ASMase inhibitors (AIs) ameliorate the phenotype in a mouse model for DKD. (A) Urine albumin (Alb)-to-creatinine ratio is significantly higher in db/db mice compared with db/m mice (**P<0.01), and AI treatment significantly abrogates proteinuria in db/db mice compared with untreated db/db mice (^#P<0.05). (B) Glomerular surface area is increased in db/db mice compared with db/m mice (*P<0.05); however, glomerular surface area is significantly smaller in ASMase-treated db/db mice compared with untreated db/db mice (^#P<0.05) and seems to not be significantly changed compared with db/m mice. (C) Glomerular cleaved caspase-3 expression is significantly higher in db/db mice compared with db/m mice (*P<0.05), and expression is significantly reduced by AI treatment (^#P<0.05). GAPDH, glyceraldehyde-3-phosphate dehydrogenase. (D) Glomerular active RhoA expression is increased in db/db mice (**P<0.01) and attenuated by AI treatment (^#P<0.05).
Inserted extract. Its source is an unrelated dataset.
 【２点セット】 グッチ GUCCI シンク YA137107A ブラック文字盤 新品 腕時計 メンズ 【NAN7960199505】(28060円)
MFI, mean fluorescence intensity.

Figure 10.

Mechanistic model of podocyte injury in FSGS and DKD. In FSGS, increased circulating suPAR together with low or absent SMPDL3b expression lead to αVβ₃ integrin activation, resulting in increased Src phosphorylation and Rac1 activity and ultimately causing a migratory podocyte phenotype. In DKD, increased circulating suPAR in the presence of high SMPDL3b expression leads to competitive binding of SMPDL3b to suPAR, thus preventing αVβ₃ integrin activation but allowing for RhoA activation and increased apoptosis.